Arguably One Of The Greatest Cameos of All Time

In HE’s book, Mickey Rourke‘s second greatest performance is in Alan Parker‘s Angel Heart (’87)…the way he howled and cried at the very end as his ’50s shamus, Harry Angel, descended into hell on a rickety elevator.

Rourke’s third greatest performance was as the rop-bop-ah-loo-bop Boogie — a solemn, soft-spoken dude with a great, blonde-streaked bop haircut — in Barry Levinson‘s Diner (’82). This was the performance that inspired Pauline Kael to write that Rourke wasn’t acting for the camera or the critics, but in a truly intimate way…acting in the way that Sinatra sang to his listeners…right to them.

But the absolute finest performance of Rourke’s entire career was a cameo (not even a supporting performance but a four-minute quickie) as Teddy Lewis, an ex-con who gives William Hurt‘s Ned Racine some very serious advice about the riskiness of committing arson.

Born in 1952, Rourke was 28 or 29 when he shot Body Heat, and you just knew right away that this guy was a star waiting to happen, and that he’d eventually make history. He had it all going on.

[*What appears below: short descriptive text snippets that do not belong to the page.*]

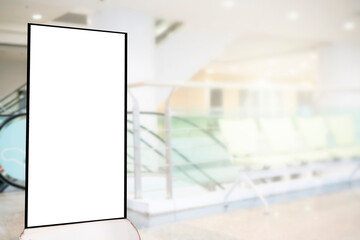 Billboard installed beside the escalator area, white billboard background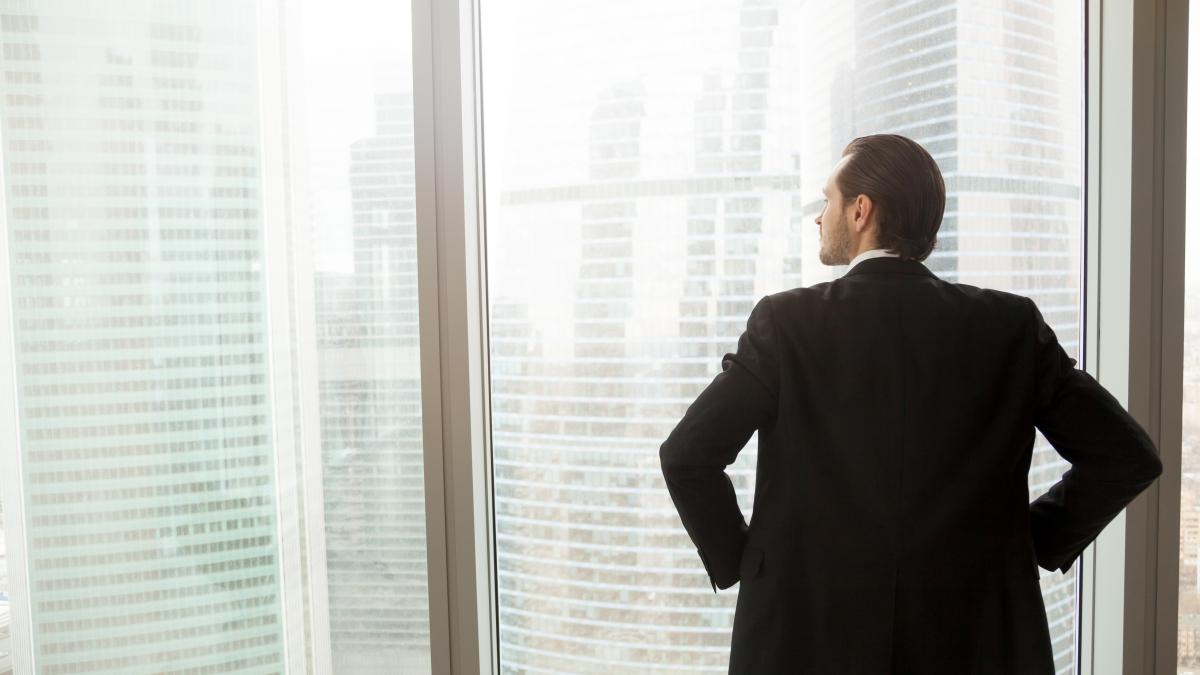 businessman-thinking-about-future-near-window_94643500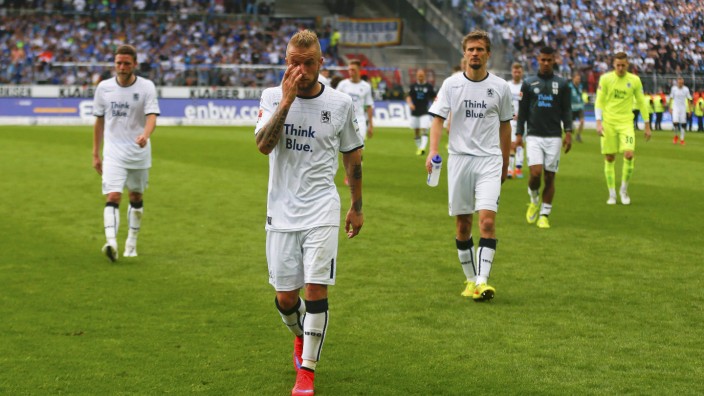 Adlung and his team mates of TSV 1860 Munich leave the pitch after their German second division Bundesliga soccer match against Karlsruhe SC in Karlsruhe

When I was working for Cannon publicity in ’87 I spoke to Rourke on the phone. It was during the making of Barfly or perhaps during the press tour, and he was at a hotel. I forget what the deal was, but he was late for something or some kind of special activity that Cannon was hoping for hadn’t happened, and I managed to say the wrong thing or put it in the wrong way. He was the only actor I’d flubbed it with, and I was very sorry for having done so, Rourke being one of my heroes at the time.